# Automatic Website Update



## overbydt (Jun 20, 2002)

This is probably a basic question, but I'm stumped. I operate a church website and the front page has a list of upcoming events for the next week or so. I would like to automate the page so that the events would display on their own without me having to go in and manually update it each week. Is there a way to build a database or list and have the page go out and grab the events for certain dates, then have it drop those events after the date has passed?


----------



## ptvGuy (Apr 20, 2004)

Yes, I do it all the time. It's part of creating a dynamic page. However, it isn't exactly something easily explainable to a beginner. Why don't you start by letting us know your level of expertise, what software you have available to work with, and the type of server your site is hosted on. All of this makes a difference.


----------



## overbydt (Jun 20, 2002)

I'm a real novice when it comes to HTML, although I can paste code with the best of 'em. I'm using the WYSIWYG editor available in Microsoft Word, which I think is a shrunk-down version of Frontpage. Our site is being hosted by our ISP on an FTP server, and I use WS_FTP to access it.


----------



## ptvGuy (Apr 20, 2004)

Okay, first of all, MS Word is not, by any means, a scaled down version of Frontpage. MS Word is a Word Processor with delusions of being a web editor. MS Publisher has even grander delusions of being a web editor. Try typing the word "Hello" with no formatting in a blank Word document and saving it as an HTML page. Open that page in a browser window and then view the source code. You'll see a hundred plus lines of garbage Word code for a page that needed five or so lines of very basic code.

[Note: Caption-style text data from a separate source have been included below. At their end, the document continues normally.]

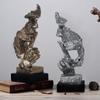 Nordic Creative Silence Is Gold Statue Resin Thinker Sculpture Figurine Vintage Home Office Decoration Modern Art Resin Decor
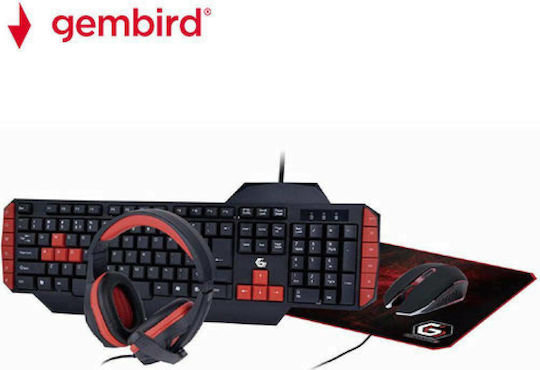 Gembird GGS-UMG4-02 4-in-1 Σετ Gaming Πληκτρολόγιο με Φωτιζόμενα πλήκτρα & Ποντίκι (Αγγλικό US)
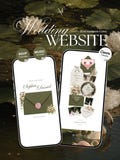 Olive Green & Pink Floral Wedding Website Template with RSVP, Music and Countdown Timer: Wedding Template (Digital Download) product logo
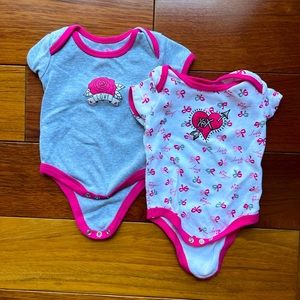2 Betsey Johnson Valentine’s Day Baby girl onesies 6 month like new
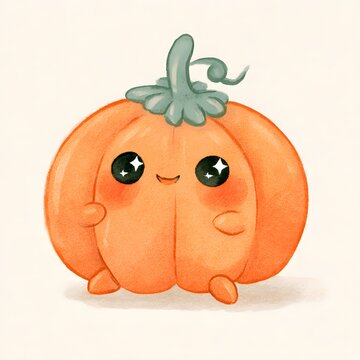 Cute kawaii baby pumpkin clip art, tiny round pumpkin character, big sparkling eyes, rosy cheeks, tiny arms and legs, sweet smile, soft orange and sage green palette.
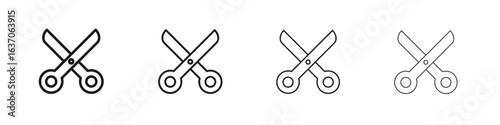 Scissors icons big set. Simple black stroke line versions collection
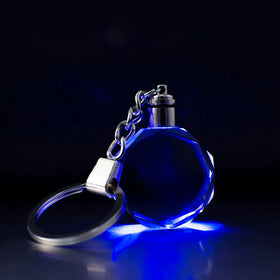 Custom Logo 3D Laser Engraved Polished Fashion Trend K9 Crystal Glass Customized Shape LED Light Keychain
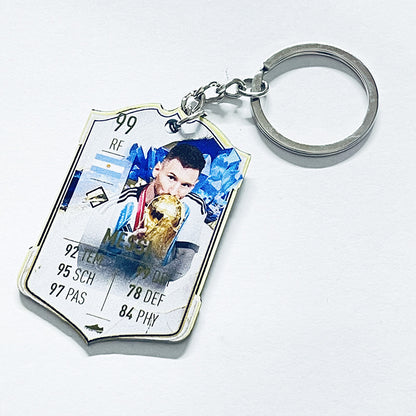 Football Player Scorecard Acrylic Keychain | UV Printed Sports Fan Collectible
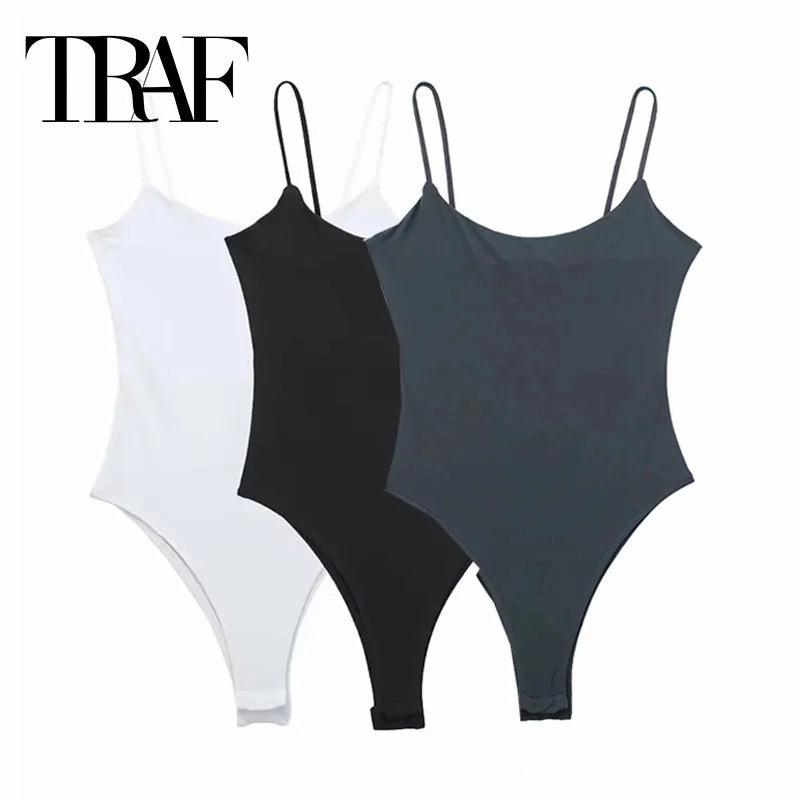 TRAF White Black Body Woman Sleeveless Bodycon Bodysuit for Summer Parties and Nights Out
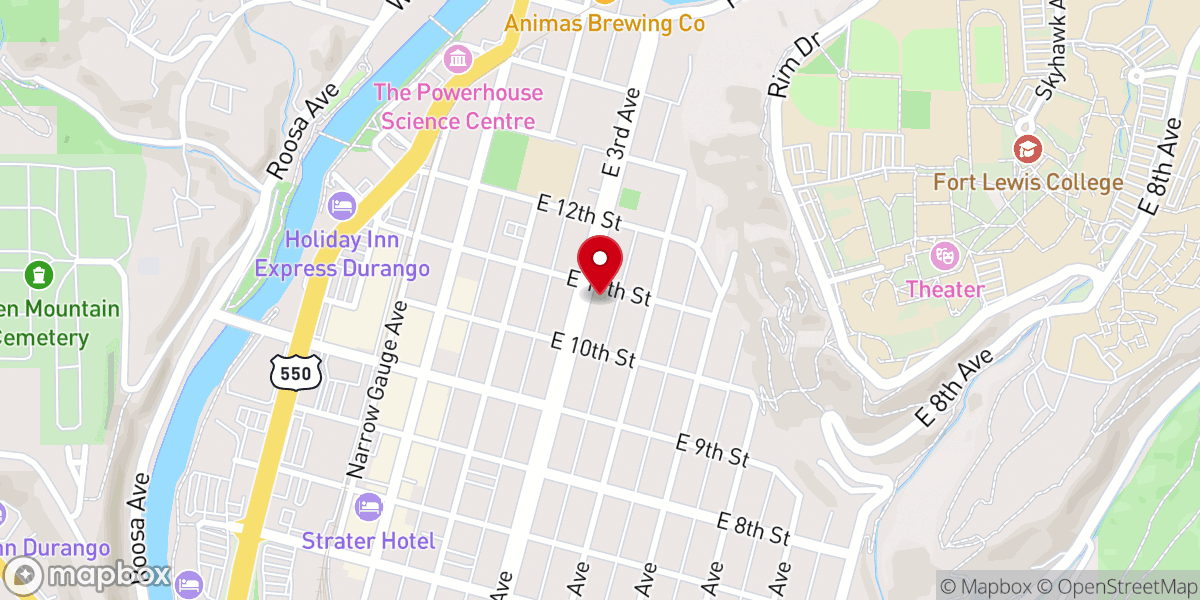 Map showing location of First Baptist Durango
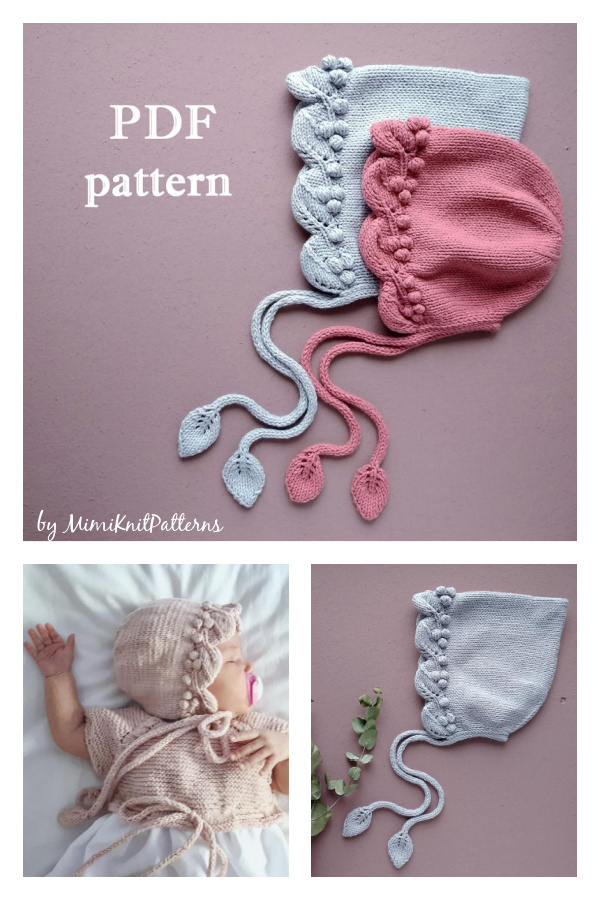 Popcorn Baby Bonnet Knitting Pattern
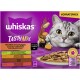 Opakowanie karmy dla kotów Whiskas Tasty Mix z wesołym kotem na fioletowym tle, prezentujące smaki 'Country Collection' w sosie.
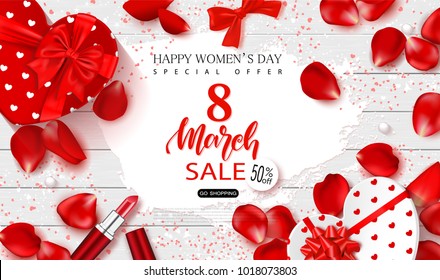 8 March Happy Women's Day sale banner. Beautiful Background with gift boxes in heart shape, rose petals,lipstick,bows and serpentine. Vector Illustration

Database integration into a web site is very dependant on the server your site is hosted on (Unix, MS Windows Server) and the services that have been made available to you for your site. Just as a general rule (though there are exceptions) Unix servers tend to support MySQL databases with PHP pages doing the access, and Windows servers tend to support MS Access databases with ASP pages doing the access. These are very different utilities with very different methodologies.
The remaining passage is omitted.